First, I cannot distribute the 1981-2014 longitudinal data file from WVS. You will have to download that yourself. Notice the file name in the R code is unchanged for transparency’s sake. I load this in the R script as an object intuitively titled WVS.

I created the wvsccodes-raw.csv file from the WVS_EVS_Integrated_Dictionary_Codebook v_2014_09_22.xls spreadsheet provided by WVS. That spreadsheet contains a mostly complete list of country codes (see item S003), separated by a colon. I copied these to a raw text file, changed the colons to commas, and changed some minor things as well (e.g. changing “Viet Nam” to just “Vietnam”) before saving to a CSV. I later added rows for Montenegro (wvsccode: 499) and Serbia (wvsccode: 688) when it became apparent that those codes appeared in WVS’ data set but were not included in the documentation that WVS provided. I load this in R as WVSccodes.
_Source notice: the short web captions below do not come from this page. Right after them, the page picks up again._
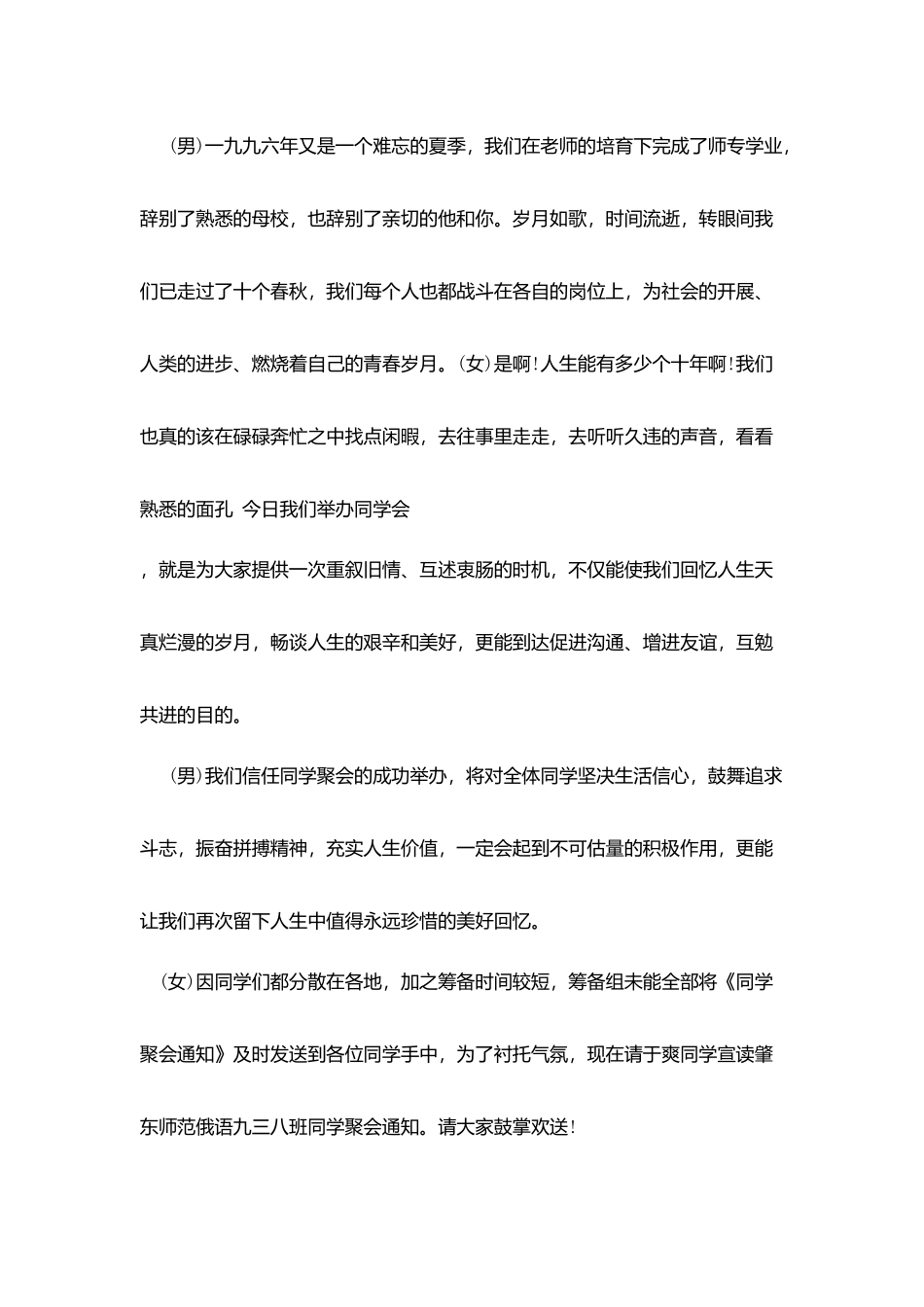 同学聚会深情主持词_第2页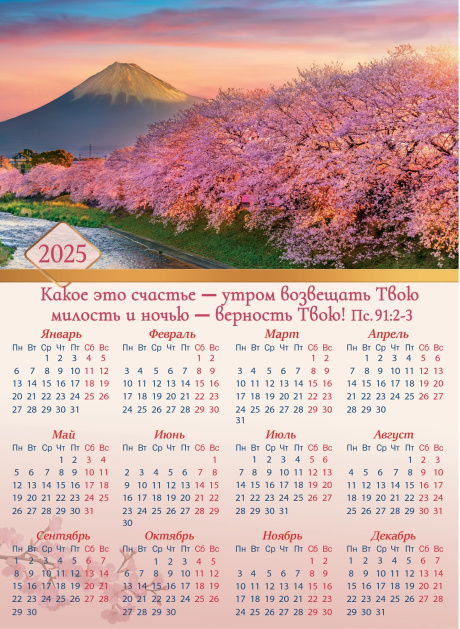 Дисконт. Типографский брак, не пропечаталось 31 октября , есть 29,30 февраля. Календарь листовой, формат А4 на 2025 год "Какое это счастье - утром возвещать твою милость и ночью - верностью твою!" Пс 91:2-3, М-2510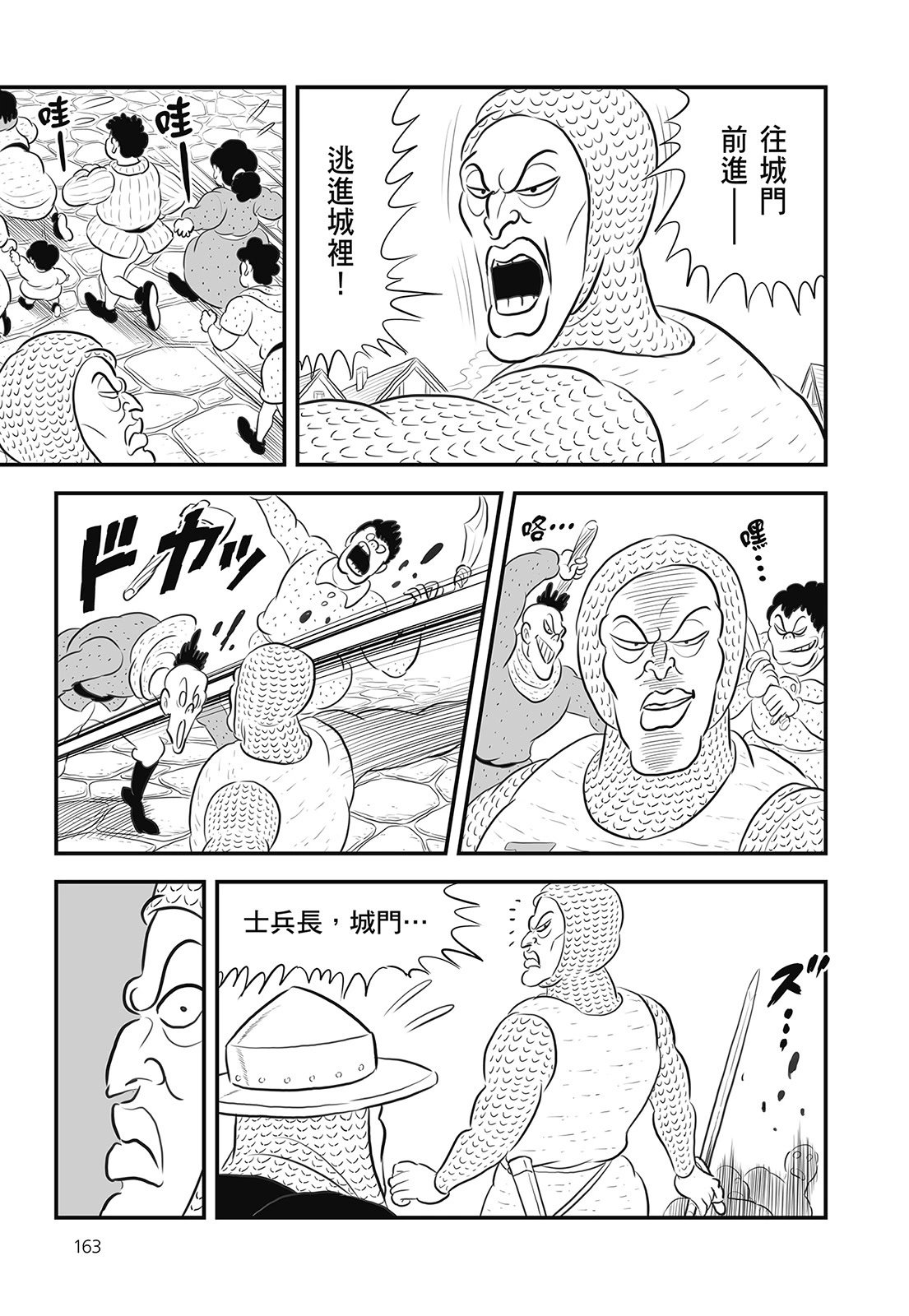 第14卷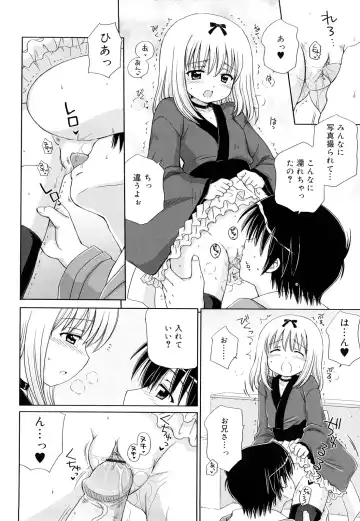 [Aoyama Reo] Daisuki Daisuki Fhentai - Page 51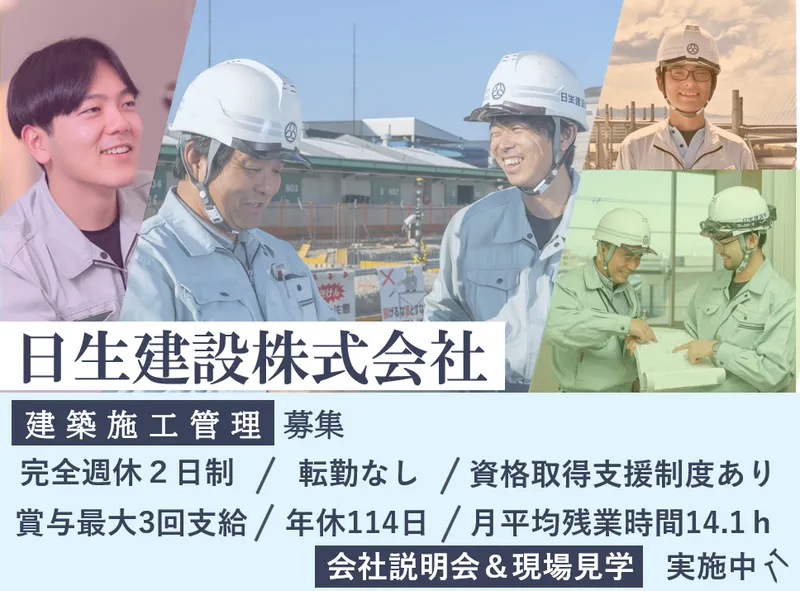 大阪　建築施工管理　未経験から始める専門職　長く働ける会社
After loading the code to R objects WVS and WVSccodes rest of the code is a fairly simple merge, and light clean. Observe.

I provide the finished spreadsheet in the Github directory as well.

I note in the code that you’re on your own about Puerto Rico, Palestine, and Hong Kong. CoW does not recognize Puerto Rico and Hong Kong because they are not independent (i.e. they cannot have independent foreign policies). Palestine does not have the level of international recognition necessary for CoW to code it as a state-system member. As a result, these entities will typically lack the type of contextual influences the researcher wants to study. If, for some reason, the researcher wants to keep those countries in the study, I’d recommend ccodes of 6, 667, and 714 for Puerto Rico, Palestine, and Hong Kong, respectively.

1. Even the incredibly useful countrycode package struggles with matching Serbia as successor state to the former Yugoslavia (from a CoW perspective).